Cuando terminé de leer Un hombre enamorado de Karl Ove Knausgard no pude abrir un libro en cuatro semanas. Me quedé agitado,
desfondado, alterado, abrumado, liado, sonrojado, ilustrado, motivado,
defenestrado, reanimado, pulverizado, vigorizado, simplificado, extraviado,
hastiado, realizado, narcotizado.
Cuando acabé El Reino, de Emmanuel Carrère, me sentí
liberado y acompañado en mi orfandad religiosa, pero pude seguir leyendo. Al
finalizar En Movimiento, de Oliver Sacks, me sentí agradecido y feliz por la
generosidad de Sacks.
Los tres libros, siendo distintos, tienen una conexión
genial que tiene que ver con la honestidad brutal con la que plasman, afrontan
y reflejan sus contradicciones. Es verdad que en los tres se destila un punto
de egocentrismo propio del que ha decidido vaciarse navegando en la genialidad,
pero los tres ejercicios son tres embestidas, tres ¡zas! que recibe el lector conscientemente
desde el momento en el que decide sumergirse en semejante torrente de
genialidad, generosidad y talento.
Pero para mi, los tres libros tienen más valor si cabe por
haber aparecido en la época del postureo, de la narrativa estéril y pacata en
la que caemos todos y que encuentra su máxima expresión en las redes sociales,
donde casi todo el mundo parece feliz, auténtico, cool, divertido, enrollado,
culto o extraordinario. Sí, una narrativa colorista y sin fondo alguno que deja
un rastro vanidoso y efímero, escasamente emocionante y en muchos casos ridículo.

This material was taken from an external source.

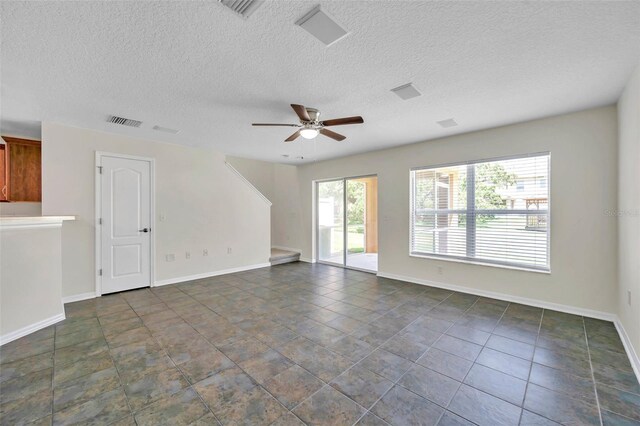unfurnished living room with visible vents, a textured ceiling, ceiling fan, and baseboards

En estos tiempos es un brindis al sol, lo sé; una suerte de
soledad madura pero placentera, pero tengo que decir que me gusta la literatura
buena porque precisamente es lo contrario al postureo; porque puede emocionar,
ser extraordinaria, divertir, hacerte llorar o hacerte sentirte único, pero
dejando un rastro duradero, interpretable, emocionante y nada ridículo.